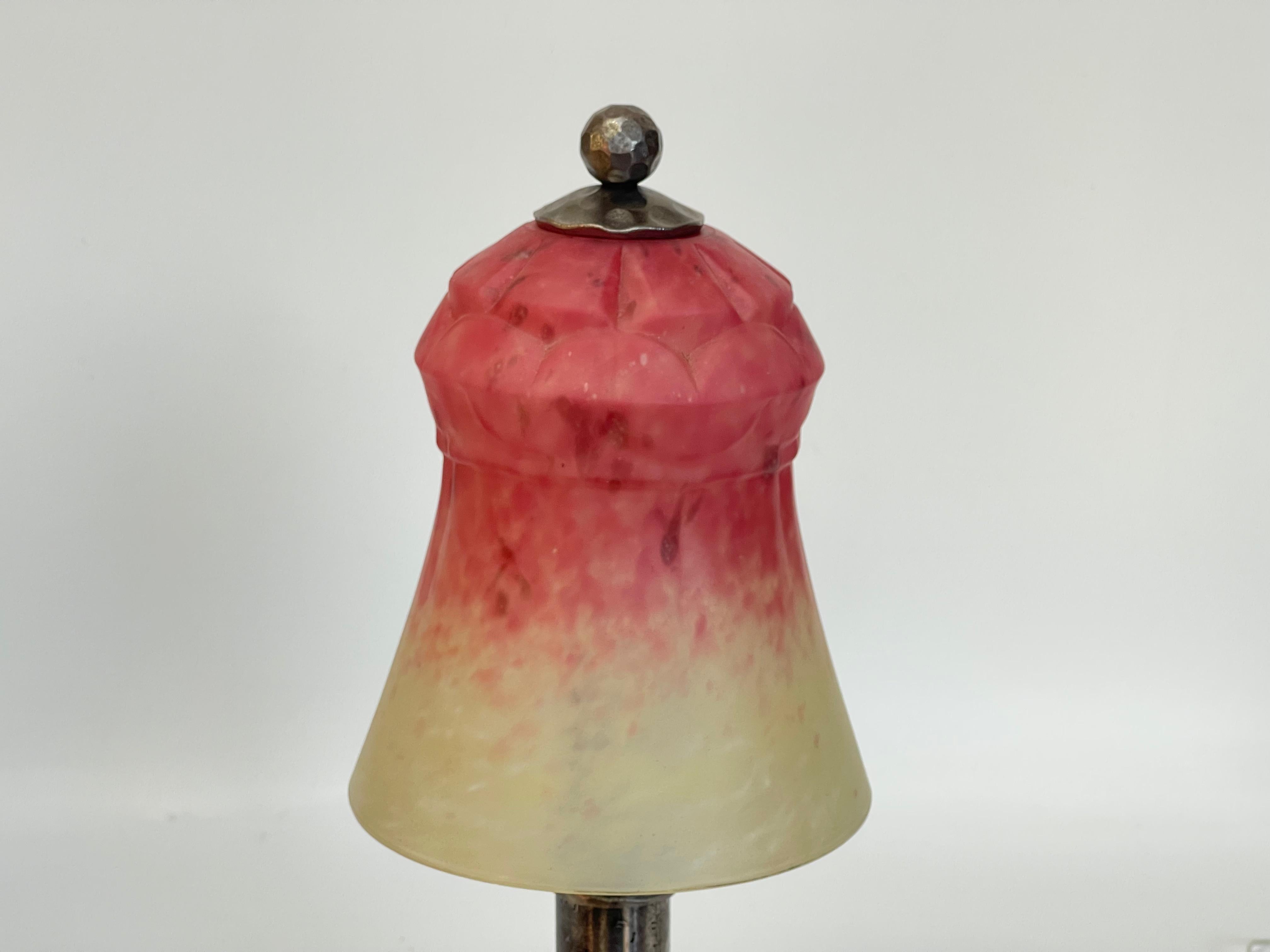 Art Deco Lamp Signed Schneider For Sale 1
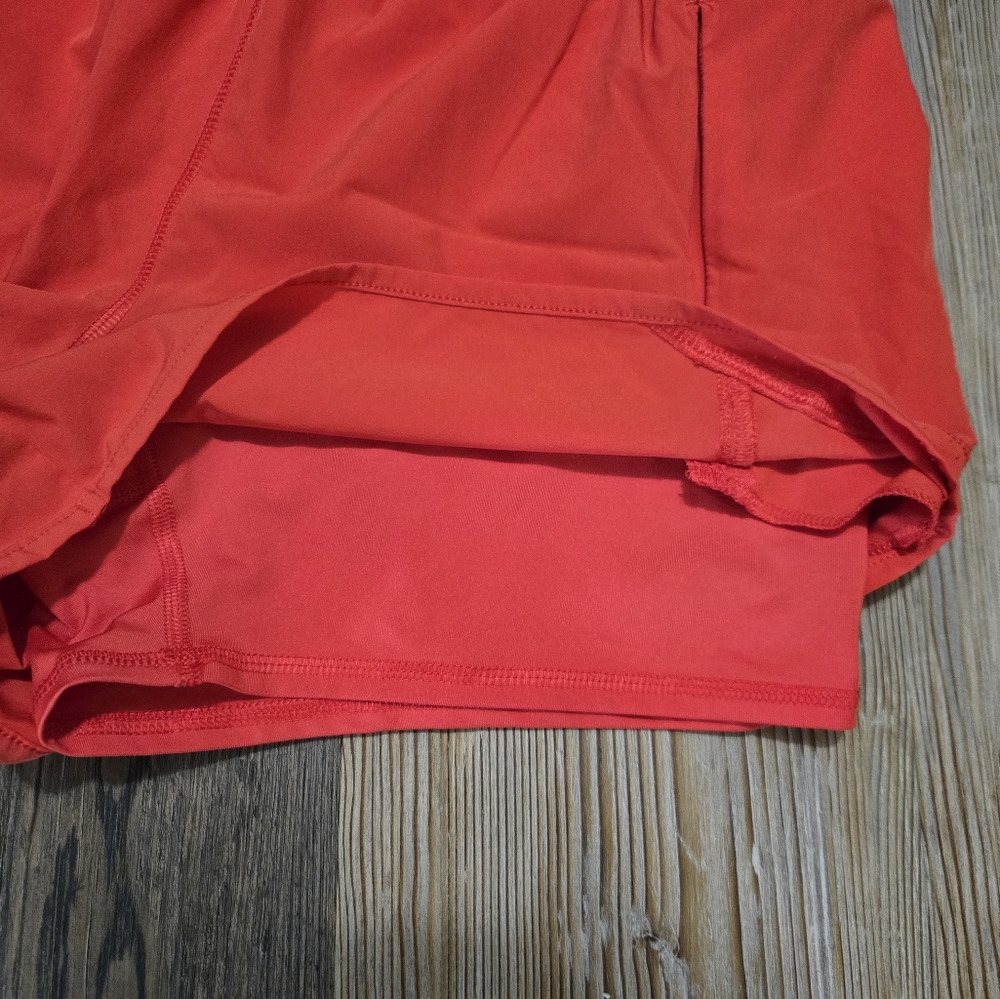 Red Athletic Shorts with Compression Layer and Elastic Waistband - Picture 6 of 14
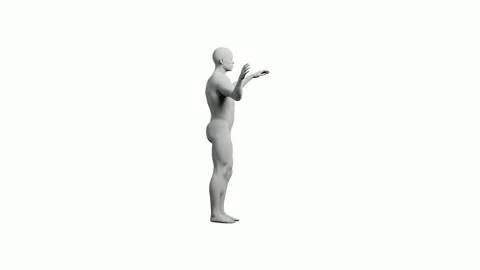 Mannequin with arms raised on white background Stock Footage 335272276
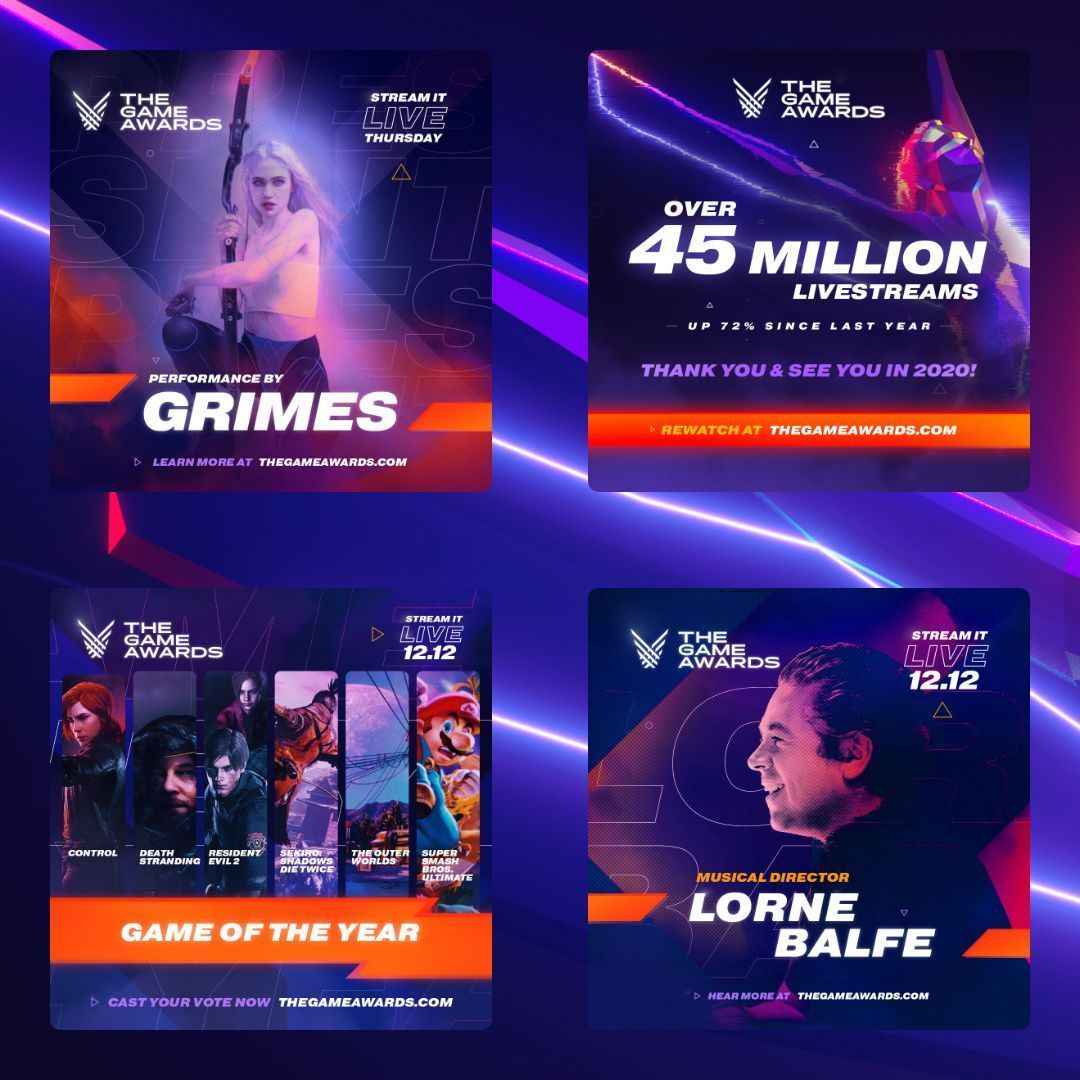 layerframe's tweet photo. Bold colors, drippy neon effects and rich typographic implementation defined the fresh and vibrant look of @thegameawards 2019 set a new standard that will only be topped by 2020 😏  To check out the full case study, visit https://t.co/jPLJ5qIGvK ⚡️ (Part 5/5) #thegameawards https://t.co/kfDNAPfpOk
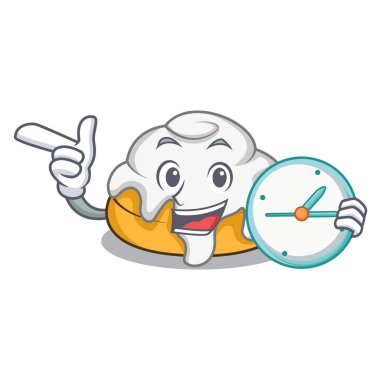 Saat tarçın ile karakter karikatür rulo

____

■ EXERCISE DETAILS
Working from the line containing "Red Athletic Shorts" to the last line of the data, retype every line exactly, both ends included, and leave out all pictures.

■ EXERCISE OUTPUT
 Red Athletic Shorts with Compression Layer and Elastic Waistband - Picture 6 of 14
 Mannequin with arms raised on white background Stock Footage 335272276
 layerframe's tweet photo. Bold colors, drippy neon effects and rich typographic implementation defined the fresh and vibrant look of @thegameawards 2019 set a new standard that will only be topped by 2020 😏  To check out the full case study, visit https://t.co/jPLJ5qIGvK ⚡️ (Part 5/5) #thegameawards https://t.co/kfDNAPfpOk
 Saat tarçın ile karakter karikatür rulo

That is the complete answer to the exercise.